**About this task:** Begin at the first line of the data and copy each line through the one containing "Dunedin resident Carolyne", that line included, with no pictures.

**Exercise data:**
• • • •

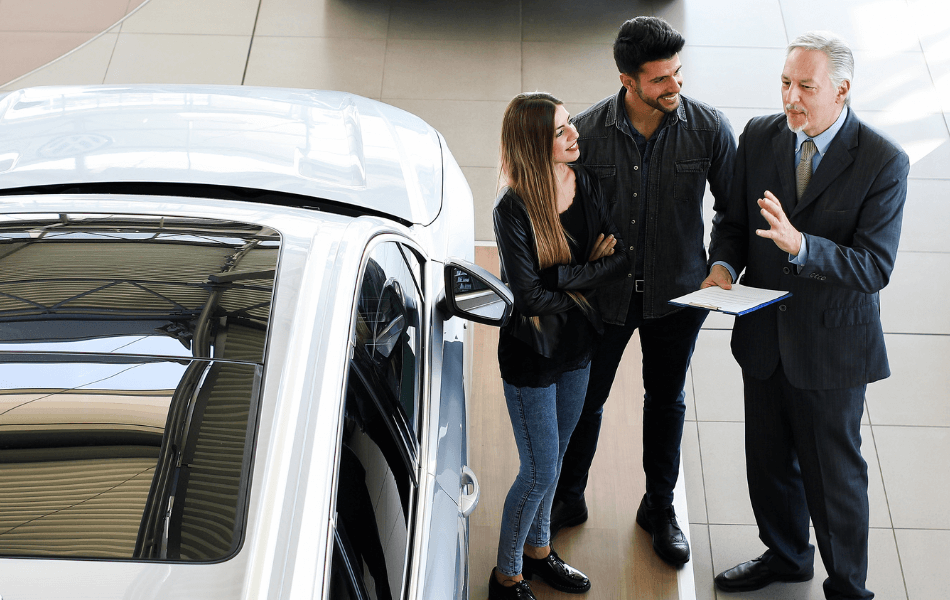 Couple talking to a car salesman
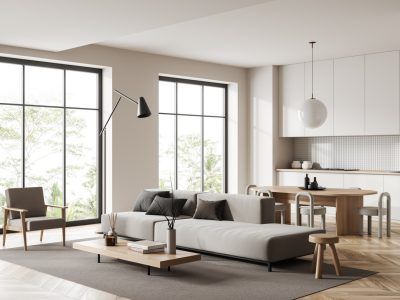 Modern living room with neutral colors, large windows, and open kitchen.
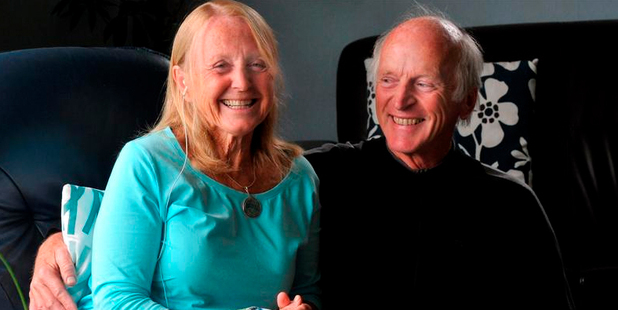 Dunedin resident Carolyne Smith rests her injured leg while sharing the story of her struggle, supported by her husband David Smith. Photo / Craig Baxter
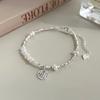 Pulsera de plata rota con perlas del personaje Ping An Fu de un año, diseño de nicho femenino, pulsera de alta gama para amigas, nueva moda de lujo ligero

• • • •

**Expected answer:**
 Couple talking to a car salesman
 Modern living room with neutral colors, large windows, and open kitchen.
 Dunedin resident Carolyne Smith rests her injured leg while sharing the story of her struggle, supported by her husband David Smith. Photo / Craig Baxter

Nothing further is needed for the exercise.